SLowcal-SGD: Slow Query Points Improve Local-SGD for Stochastic Convex Optimization
Tehila Dahan, Kfir Y. Levy
TL;DR
This work tackles distributed stochastic convex optimization with heterogeneous data across machines. It introduces SLowcal-SGD, a Local-SGD–style method that uses Anytime-GD with slowly changing query points and increasing weights to reduce bias from local updates, yielding provable improvements over Minibatch-SGD and Local-SGD in the heterogeneous setting. The theoretical guarantee shows an excess loss bound that scales favorably with rounds and local steps, and experiments on MNIST with non-IID Dirichlet partitions demonstrate practical gains, especially with more workers and larger local steps.
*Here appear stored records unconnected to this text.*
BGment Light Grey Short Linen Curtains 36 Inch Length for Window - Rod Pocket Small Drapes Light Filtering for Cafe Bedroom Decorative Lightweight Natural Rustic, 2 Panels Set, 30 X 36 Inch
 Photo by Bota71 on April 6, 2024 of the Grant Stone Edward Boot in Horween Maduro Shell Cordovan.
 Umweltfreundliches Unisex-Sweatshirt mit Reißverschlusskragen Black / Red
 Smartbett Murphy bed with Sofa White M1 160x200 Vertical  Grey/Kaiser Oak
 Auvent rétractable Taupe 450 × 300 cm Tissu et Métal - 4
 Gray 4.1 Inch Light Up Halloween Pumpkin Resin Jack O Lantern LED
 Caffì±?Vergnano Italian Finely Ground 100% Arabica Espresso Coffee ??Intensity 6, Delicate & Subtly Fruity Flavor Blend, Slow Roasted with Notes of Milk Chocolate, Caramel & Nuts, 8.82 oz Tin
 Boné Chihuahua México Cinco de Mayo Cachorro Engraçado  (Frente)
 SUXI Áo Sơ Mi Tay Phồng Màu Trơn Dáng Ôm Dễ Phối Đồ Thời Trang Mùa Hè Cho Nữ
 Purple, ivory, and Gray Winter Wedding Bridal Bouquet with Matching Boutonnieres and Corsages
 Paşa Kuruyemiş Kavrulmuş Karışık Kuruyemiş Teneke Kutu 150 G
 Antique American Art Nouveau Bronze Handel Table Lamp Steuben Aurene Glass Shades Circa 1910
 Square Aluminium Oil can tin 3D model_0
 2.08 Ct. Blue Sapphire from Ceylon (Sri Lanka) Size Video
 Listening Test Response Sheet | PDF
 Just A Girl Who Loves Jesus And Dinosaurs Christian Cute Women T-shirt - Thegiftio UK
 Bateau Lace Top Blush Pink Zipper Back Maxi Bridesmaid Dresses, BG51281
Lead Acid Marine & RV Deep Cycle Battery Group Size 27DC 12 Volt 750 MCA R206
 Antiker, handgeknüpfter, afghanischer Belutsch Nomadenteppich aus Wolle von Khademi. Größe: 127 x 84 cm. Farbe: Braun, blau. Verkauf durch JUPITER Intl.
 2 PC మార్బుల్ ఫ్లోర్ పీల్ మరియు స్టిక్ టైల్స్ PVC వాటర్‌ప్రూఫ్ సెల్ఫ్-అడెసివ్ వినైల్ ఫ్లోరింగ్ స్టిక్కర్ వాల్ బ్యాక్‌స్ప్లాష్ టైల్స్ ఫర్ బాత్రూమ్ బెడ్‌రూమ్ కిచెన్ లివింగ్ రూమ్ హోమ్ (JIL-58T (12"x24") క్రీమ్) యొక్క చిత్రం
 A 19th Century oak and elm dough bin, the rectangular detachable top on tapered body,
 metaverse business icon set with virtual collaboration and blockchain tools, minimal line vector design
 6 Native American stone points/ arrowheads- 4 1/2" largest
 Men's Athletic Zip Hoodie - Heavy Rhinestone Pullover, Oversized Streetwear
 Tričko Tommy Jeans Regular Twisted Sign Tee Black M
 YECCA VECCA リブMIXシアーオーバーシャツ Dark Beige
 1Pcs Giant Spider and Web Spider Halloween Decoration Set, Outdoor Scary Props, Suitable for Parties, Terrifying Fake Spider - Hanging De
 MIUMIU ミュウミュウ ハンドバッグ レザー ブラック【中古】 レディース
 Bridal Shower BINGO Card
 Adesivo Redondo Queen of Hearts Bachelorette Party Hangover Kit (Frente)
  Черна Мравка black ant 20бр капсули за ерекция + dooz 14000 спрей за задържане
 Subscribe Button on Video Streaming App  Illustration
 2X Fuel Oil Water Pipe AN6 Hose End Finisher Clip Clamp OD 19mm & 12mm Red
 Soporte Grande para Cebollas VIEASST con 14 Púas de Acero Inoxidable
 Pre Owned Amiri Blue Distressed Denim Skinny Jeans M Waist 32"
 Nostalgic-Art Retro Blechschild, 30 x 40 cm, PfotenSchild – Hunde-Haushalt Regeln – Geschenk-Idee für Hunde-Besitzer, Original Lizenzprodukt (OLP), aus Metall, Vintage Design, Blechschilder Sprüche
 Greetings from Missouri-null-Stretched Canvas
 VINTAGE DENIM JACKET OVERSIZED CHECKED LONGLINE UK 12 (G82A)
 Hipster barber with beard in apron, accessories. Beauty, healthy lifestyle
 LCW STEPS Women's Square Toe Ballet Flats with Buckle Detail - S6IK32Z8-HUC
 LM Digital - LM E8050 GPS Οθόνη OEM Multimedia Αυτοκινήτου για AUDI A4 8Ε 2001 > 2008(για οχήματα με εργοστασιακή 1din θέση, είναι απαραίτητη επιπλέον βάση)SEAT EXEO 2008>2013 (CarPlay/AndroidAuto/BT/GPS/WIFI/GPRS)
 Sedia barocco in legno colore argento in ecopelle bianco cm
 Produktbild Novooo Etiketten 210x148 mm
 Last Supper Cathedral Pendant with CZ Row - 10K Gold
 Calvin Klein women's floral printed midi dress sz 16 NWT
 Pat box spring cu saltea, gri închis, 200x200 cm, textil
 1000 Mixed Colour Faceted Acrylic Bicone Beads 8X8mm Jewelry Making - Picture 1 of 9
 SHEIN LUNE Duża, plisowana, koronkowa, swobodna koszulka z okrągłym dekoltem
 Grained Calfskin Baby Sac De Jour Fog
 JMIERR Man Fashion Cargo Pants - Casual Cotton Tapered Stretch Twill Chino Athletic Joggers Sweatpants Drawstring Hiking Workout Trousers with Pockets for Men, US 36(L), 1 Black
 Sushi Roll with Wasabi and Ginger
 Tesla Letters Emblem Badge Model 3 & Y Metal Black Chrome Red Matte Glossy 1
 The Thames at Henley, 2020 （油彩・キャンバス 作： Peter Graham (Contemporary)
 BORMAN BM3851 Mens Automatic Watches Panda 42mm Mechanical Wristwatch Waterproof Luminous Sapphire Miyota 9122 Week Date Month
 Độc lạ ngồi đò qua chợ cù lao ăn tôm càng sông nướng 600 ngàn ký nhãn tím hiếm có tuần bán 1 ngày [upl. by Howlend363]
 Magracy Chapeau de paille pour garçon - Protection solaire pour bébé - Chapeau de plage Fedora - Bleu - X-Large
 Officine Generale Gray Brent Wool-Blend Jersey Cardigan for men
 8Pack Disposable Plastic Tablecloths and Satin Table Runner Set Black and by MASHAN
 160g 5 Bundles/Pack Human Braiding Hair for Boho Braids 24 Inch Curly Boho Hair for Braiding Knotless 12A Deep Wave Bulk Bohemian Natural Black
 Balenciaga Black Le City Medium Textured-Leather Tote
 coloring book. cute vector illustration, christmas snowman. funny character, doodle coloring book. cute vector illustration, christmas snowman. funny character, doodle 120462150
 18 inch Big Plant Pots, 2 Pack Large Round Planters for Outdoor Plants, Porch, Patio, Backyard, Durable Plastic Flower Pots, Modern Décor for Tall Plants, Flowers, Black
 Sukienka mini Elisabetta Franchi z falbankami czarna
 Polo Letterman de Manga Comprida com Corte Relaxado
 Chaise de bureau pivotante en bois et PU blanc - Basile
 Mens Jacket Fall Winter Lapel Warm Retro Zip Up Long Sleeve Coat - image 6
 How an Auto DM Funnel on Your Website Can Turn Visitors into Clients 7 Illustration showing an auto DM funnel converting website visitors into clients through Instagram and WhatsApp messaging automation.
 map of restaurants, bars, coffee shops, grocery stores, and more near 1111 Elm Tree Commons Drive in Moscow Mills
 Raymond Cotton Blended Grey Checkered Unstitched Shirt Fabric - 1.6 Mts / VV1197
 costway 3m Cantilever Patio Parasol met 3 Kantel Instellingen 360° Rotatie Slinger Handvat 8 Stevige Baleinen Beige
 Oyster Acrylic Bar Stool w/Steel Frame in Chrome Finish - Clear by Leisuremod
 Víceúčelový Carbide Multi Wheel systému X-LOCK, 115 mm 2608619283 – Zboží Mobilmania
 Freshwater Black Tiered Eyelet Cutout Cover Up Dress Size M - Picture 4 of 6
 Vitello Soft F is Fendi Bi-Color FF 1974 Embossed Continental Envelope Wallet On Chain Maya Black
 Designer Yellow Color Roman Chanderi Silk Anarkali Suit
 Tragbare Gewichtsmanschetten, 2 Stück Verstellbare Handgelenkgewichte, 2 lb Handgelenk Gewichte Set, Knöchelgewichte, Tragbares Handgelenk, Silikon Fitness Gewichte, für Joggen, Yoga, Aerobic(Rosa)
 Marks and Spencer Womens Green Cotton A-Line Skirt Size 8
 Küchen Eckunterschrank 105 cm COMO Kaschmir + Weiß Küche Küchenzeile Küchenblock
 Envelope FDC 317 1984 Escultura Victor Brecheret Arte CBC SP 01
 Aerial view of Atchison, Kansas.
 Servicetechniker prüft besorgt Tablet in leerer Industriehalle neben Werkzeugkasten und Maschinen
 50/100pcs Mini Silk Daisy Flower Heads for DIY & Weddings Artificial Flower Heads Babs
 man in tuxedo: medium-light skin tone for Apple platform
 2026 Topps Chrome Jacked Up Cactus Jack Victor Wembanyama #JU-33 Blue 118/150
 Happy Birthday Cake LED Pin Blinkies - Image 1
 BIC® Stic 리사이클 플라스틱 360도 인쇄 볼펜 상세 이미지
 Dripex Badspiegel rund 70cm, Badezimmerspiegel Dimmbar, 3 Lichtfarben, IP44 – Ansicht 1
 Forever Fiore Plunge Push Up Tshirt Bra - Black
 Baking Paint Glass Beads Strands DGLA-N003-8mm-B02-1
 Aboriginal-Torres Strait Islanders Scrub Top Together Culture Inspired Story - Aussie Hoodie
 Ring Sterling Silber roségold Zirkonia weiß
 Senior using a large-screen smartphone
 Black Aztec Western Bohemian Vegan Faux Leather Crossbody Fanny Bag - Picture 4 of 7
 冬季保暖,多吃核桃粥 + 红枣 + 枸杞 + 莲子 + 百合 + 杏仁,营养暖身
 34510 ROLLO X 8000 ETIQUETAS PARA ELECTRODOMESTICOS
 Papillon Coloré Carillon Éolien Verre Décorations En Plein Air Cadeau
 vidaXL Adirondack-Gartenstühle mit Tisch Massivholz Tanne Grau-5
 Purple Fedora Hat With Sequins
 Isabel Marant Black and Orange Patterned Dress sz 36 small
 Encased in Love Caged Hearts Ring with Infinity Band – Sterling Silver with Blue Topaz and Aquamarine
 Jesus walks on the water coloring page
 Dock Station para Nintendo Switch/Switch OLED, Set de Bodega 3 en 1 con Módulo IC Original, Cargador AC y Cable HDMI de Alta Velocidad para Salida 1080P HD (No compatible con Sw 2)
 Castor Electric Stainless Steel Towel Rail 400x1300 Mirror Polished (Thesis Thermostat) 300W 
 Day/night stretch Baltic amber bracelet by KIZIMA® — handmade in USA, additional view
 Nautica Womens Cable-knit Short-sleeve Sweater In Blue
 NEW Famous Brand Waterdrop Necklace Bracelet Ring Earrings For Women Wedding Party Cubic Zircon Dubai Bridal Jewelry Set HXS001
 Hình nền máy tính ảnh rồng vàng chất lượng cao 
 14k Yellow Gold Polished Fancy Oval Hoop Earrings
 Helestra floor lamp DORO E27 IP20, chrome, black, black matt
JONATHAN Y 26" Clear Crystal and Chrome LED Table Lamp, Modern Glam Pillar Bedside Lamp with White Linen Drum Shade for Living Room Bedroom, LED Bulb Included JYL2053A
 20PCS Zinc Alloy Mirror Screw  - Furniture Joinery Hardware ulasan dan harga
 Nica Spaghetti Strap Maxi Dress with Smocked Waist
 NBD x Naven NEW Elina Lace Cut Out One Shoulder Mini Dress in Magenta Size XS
Overall, the approach advances how local updates are coordinated in heterogeneous distributed systems, potentially reducing communication overhead while maintaining convergence speed.
Abstract
We consider distributed learning scenarios where M machines interact with a parameter server along several communication rounds in order to minimize a joint objective function. Focusing on the heterogeneous case, where different machines may draw samples from different data-distributions, we design the first local update method that provably benefits over the two most prominent distributed baselines: namely Minibatch-SGD and Local-SGD. Key to our approach is a slow querying technique that we customize to the distributed setting, which in turn enables a better mitigation of the bias caused by local updates.